In parallel with the expansion of RNA interference (RNAi) techniques, accumulating evidence indicates that RNAi analyses might be seriously biased due to the off-target effects of gene-specific short hairpin RNAs (shRNAs). Our findings indicated that off-target effects of non-targeting shRNA comprise another source of misinterpreted shRNA-based data. We found that SHC016, which is one of two non-targeting shRNA controls for the MISSION (commercialized TRC) library, exerts deleterious effects that lead to elimination of the shRNA-coding cassette from the genomes of cultured murine and human cells. Here, we used a lentiviral vector with inducible SHC016 expression to confirm that this shRNA induces apoptosis in murine cells and senescence or mitotic catastrophe depending on the p53 status in human tumor cells. We identified the core spliceosomal protein, small nuclear ribonucleoprotein Sm D3 (SNRPD3), as a major SHC016 target in several cell lines and confirmed that CRISPRi knockdown of SNRPD3 mimics the effects of SHC016 expression in A549 and U251 cells. The overexpression of SNRPD3 rescued U251 cells from SHC016-induced mitotic catastrophe.
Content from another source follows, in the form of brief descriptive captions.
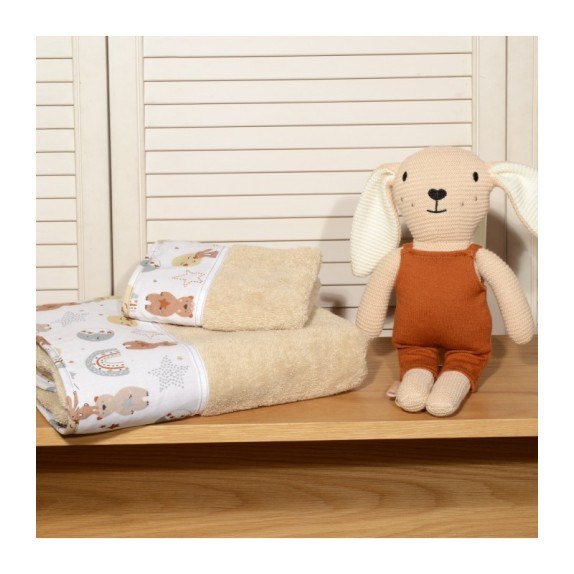 Σετ Βρεφικές Πετσέτες 2 Τεμαχίων Oliver Baby Μπεζ σχέδιο...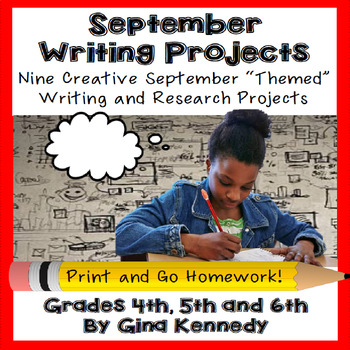 Preview of September Writing Projects for Upper Elementary Students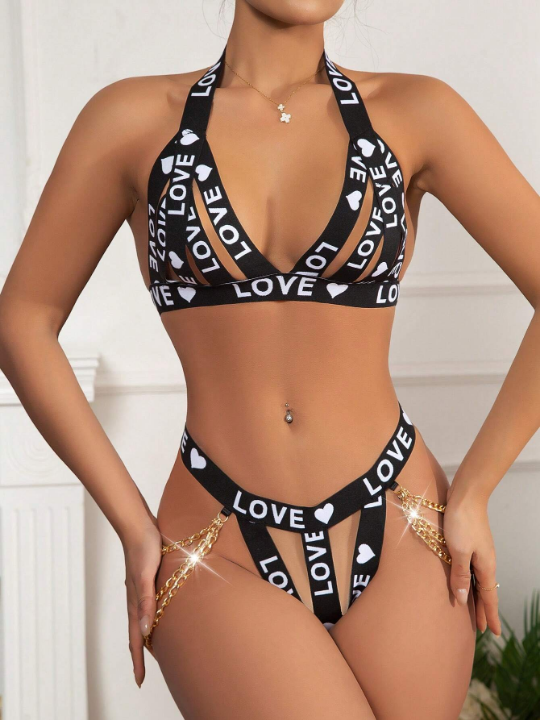 Letter Jacquard Ribbon & Metallic Chain Splicing Sexy Lingerie Set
Our findings disqualified non-targeting SHC016 shRNA and added a new premise to the discussion about the sources of uncertainty in RNAi results.
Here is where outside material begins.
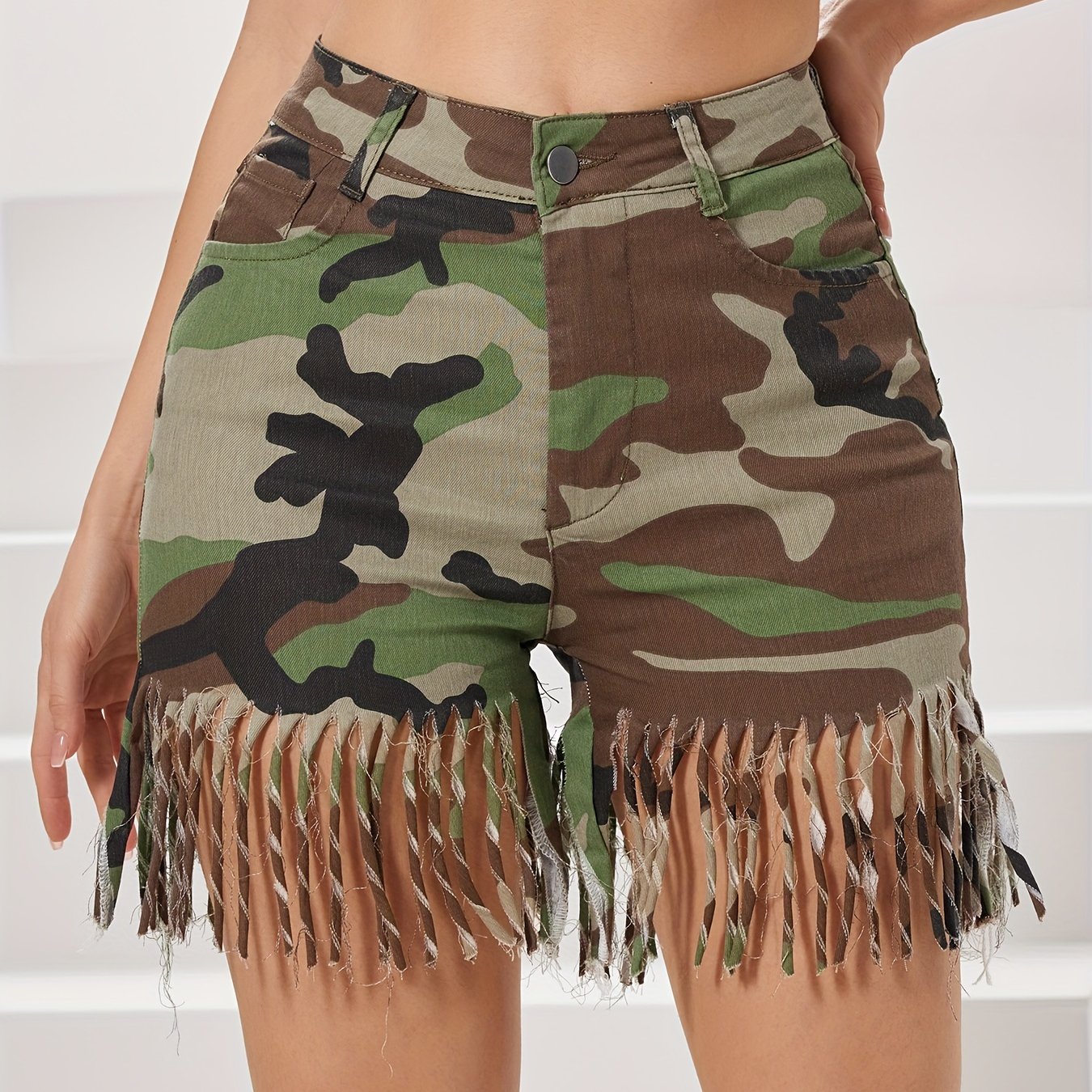 Camo Tassel Denim Shorts: High-Waisted, Cotton Blend, Spring/Summer Camo Colors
随着 RNA 干扰 (RNAi) 技术的扩展，越来越多的证据表明，由于基因特异性短发夹 RNA (shRNA) 的脱靶效应，RNAi 分析可能存在严重偏差。我们的研究结果表明，非靶向 shRNA 的脱靶效应是另一个误解的基于 shRNA 的数据来源。我们发现 SHC016 是 MISSION（商业化 TRC）文库的两个非靶向 shRNA 对照之一，它发挥有害作用，导致从培养的小鼠和人类细胞的基因组中消除 shRNA 编码盒。在这里，我们使用具有可诱导 SHC016 表达的慢病毒载体来确认该 shRNA 诱导鼠细胞凋亡和衰老或有丝分裂灾难，具体取决于人类肿瘤细胞中的 p53 状态。SNRPD3模拟 A549 和 U251 细胞中 SHC016 表达的影响。SNRPD3 的过度表达将 U251 细胞从 SHC016 诱导的有丝分裂灾难中拯救出来。我们的发现取消了非靶向 SHC016 shRNA 的资格，并为关于 RNAi 结果不确定性来源的讨论增加了一个新前提。